> ACTIVITY: Once "Kissenbezug mit Quasten" turns up in a line below, reproduce that line and those after it exactly, stopping after the line with "gases y ceniza."; leave pictures out.

── DATA FOR THIS TASK ──

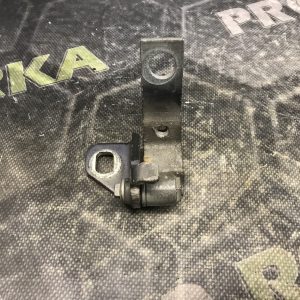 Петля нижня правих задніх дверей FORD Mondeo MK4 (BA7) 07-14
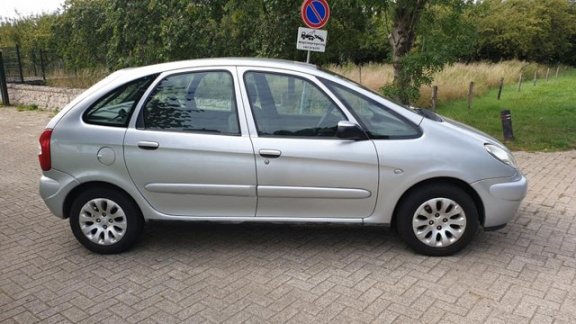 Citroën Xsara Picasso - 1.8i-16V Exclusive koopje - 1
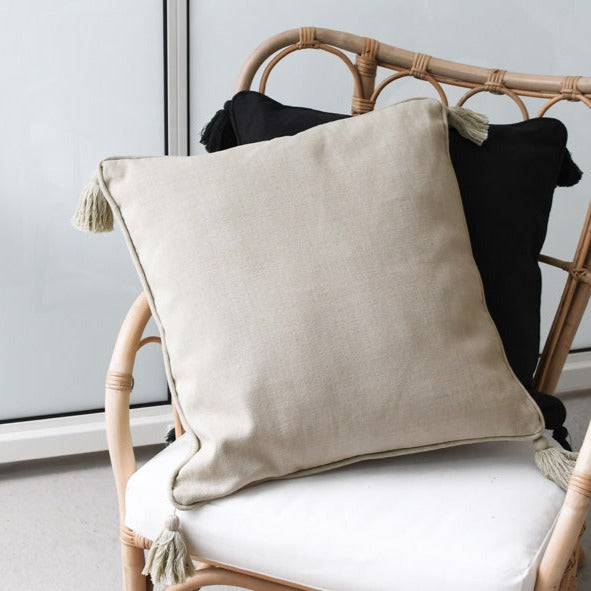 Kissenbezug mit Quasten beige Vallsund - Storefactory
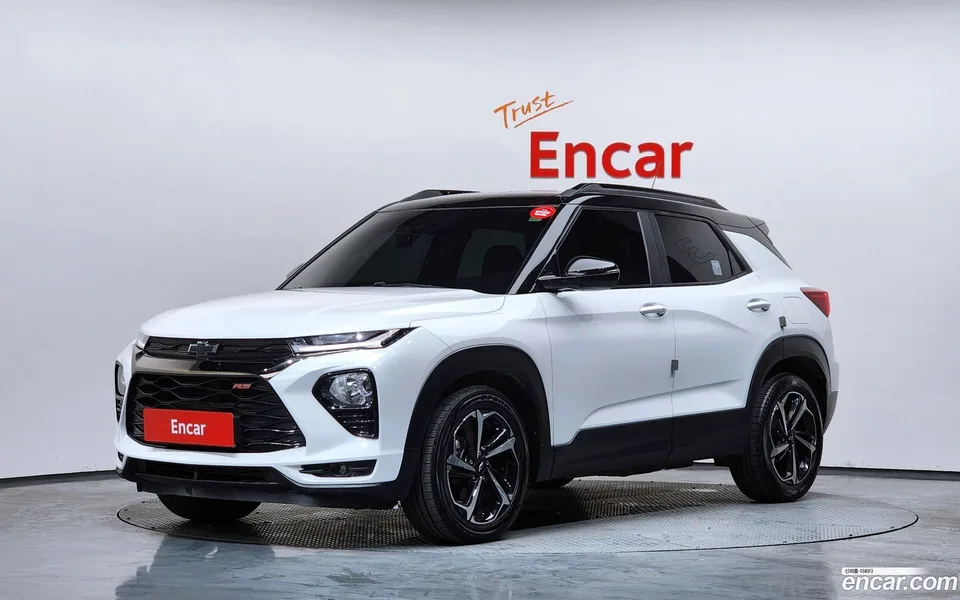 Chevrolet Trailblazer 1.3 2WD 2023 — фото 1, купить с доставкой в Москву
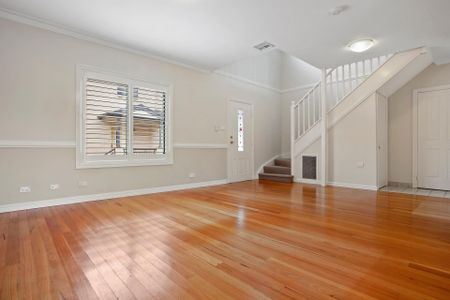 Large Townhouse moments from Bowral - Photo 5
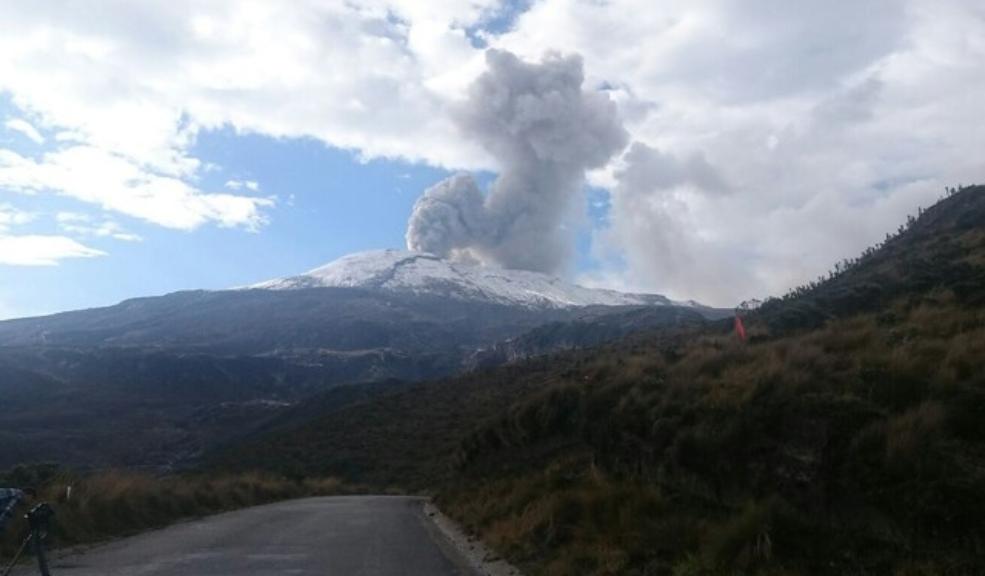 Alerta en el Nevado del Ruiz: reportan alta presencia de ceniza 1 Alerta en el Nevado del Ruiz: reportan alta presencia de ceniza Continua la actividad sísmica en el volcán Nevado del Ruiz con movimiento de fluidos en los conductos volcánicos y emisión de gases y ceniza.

───
── DATA FOR THIS TASK ──

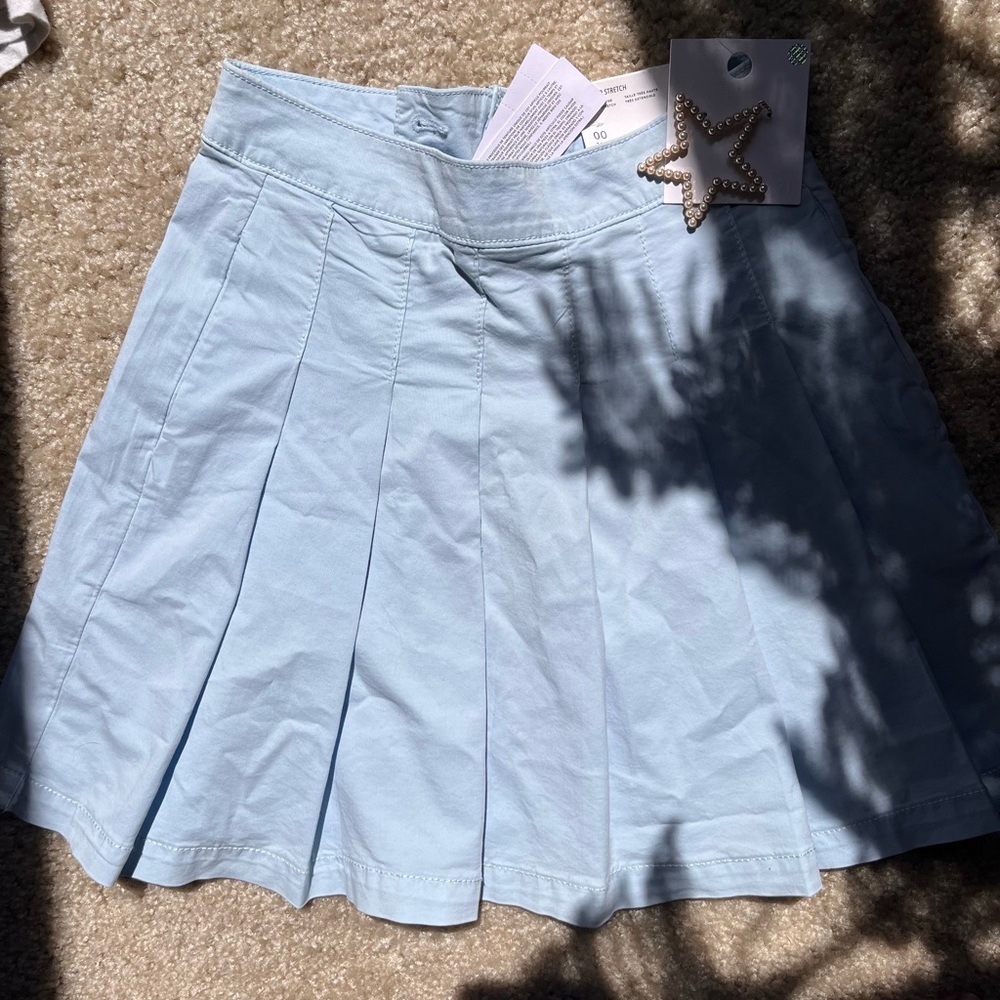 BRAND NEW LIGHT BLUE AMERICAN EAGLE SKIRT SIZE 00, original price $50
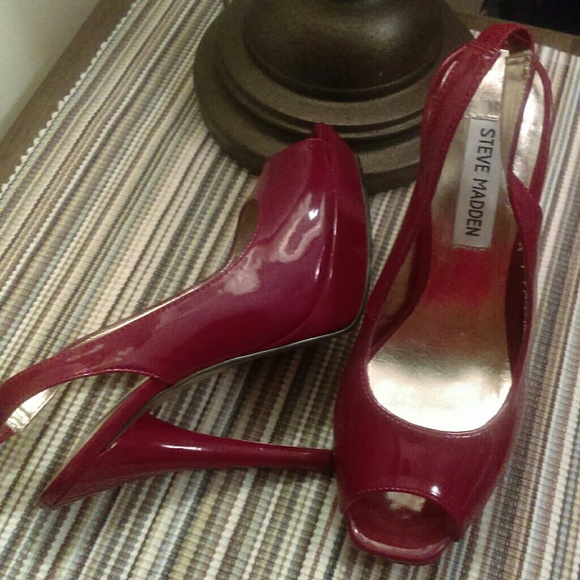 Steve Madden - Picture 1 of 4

───
── DATA FOR THIS TASK ──

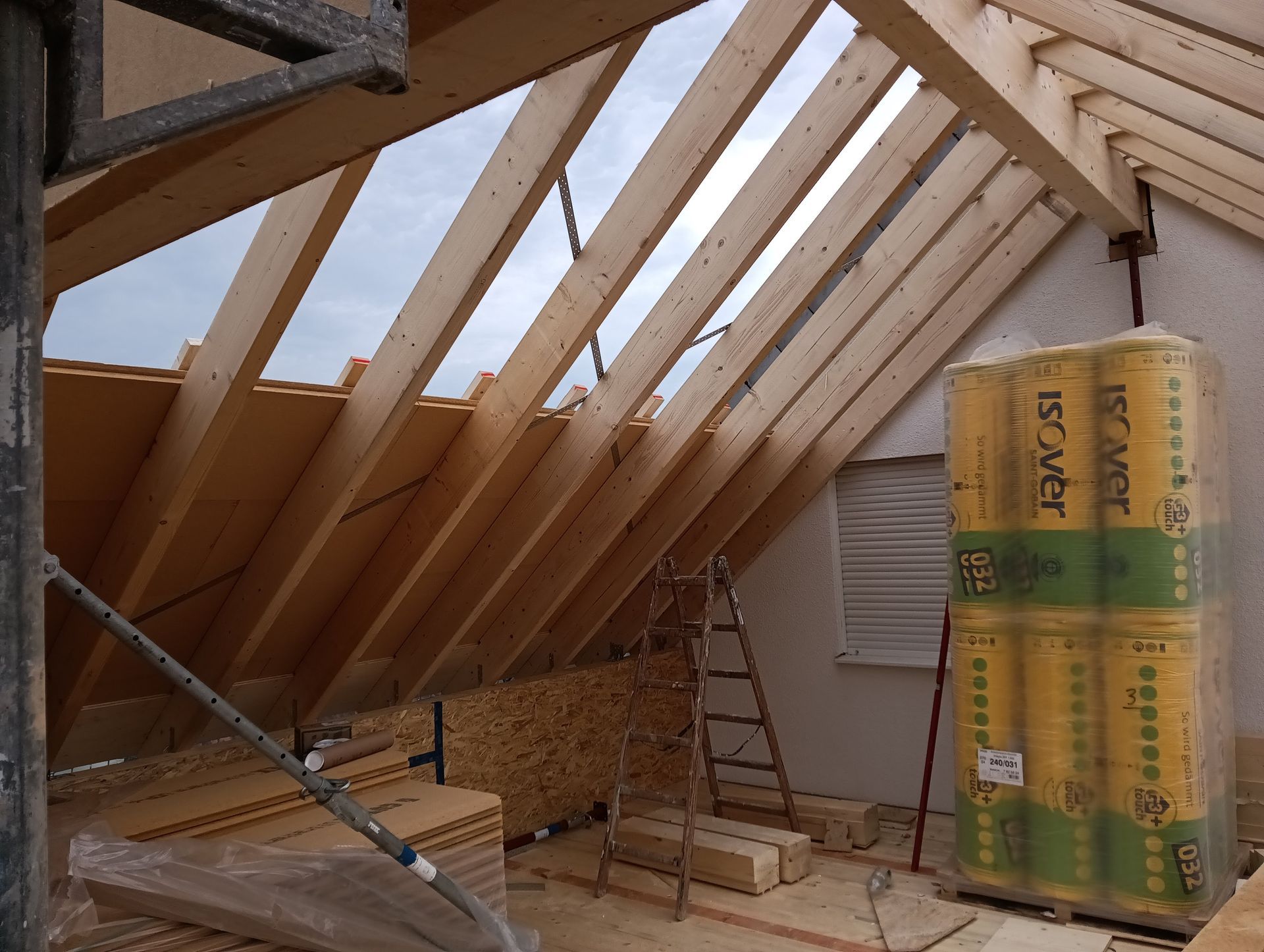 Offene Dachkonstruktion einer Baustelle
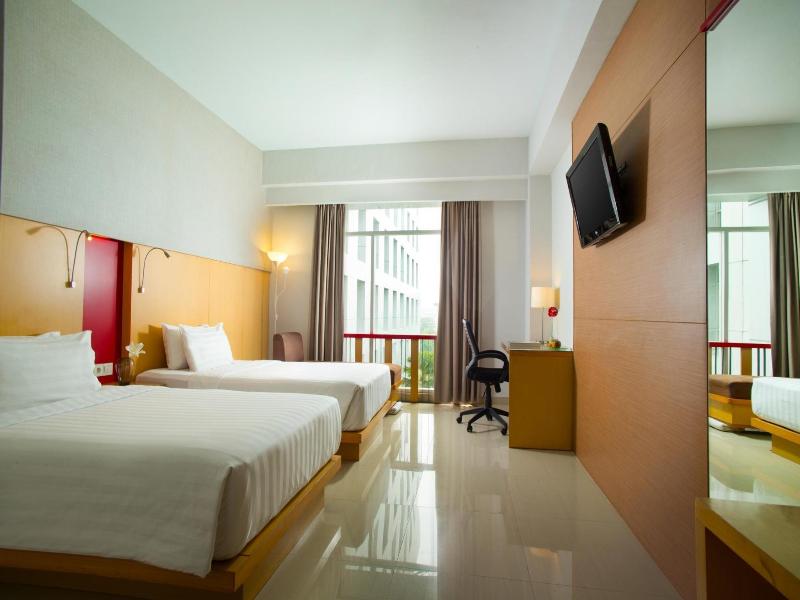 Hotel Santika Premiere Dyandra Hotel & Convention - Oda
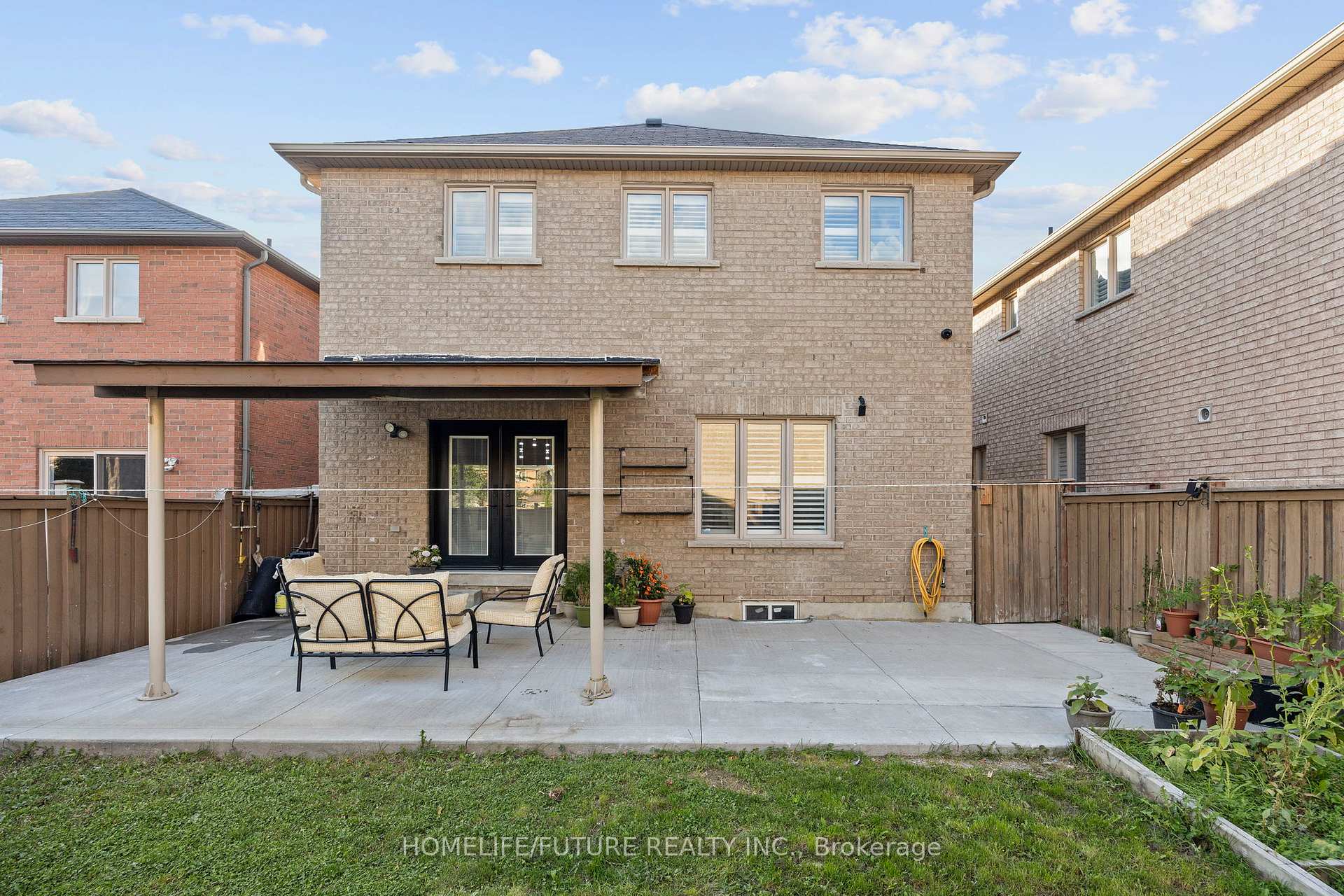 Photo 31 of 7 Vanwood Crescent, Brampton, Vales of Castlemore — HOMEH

───

> REPLY:
 Kissenbezug mit Quasten beige Vallsund - Storefactory
 Chevrolet Trailblazer 1.3 2WD 2023 — фото 1, купить с доставкой в Москву
 Large Townhouse moments from Bowral - Photo 5
 Alerta en el Nevado del Ruiz: reportan alta presencia de ceniza 1 Alerta en el Nevado del Ruiz: reportan alta presencia de ceniza Continua la actividad sísmica en el volcán Nevado del Ruiz con movimiento de fluidos en los conductos volcánicos y emisión de gases y ceniza.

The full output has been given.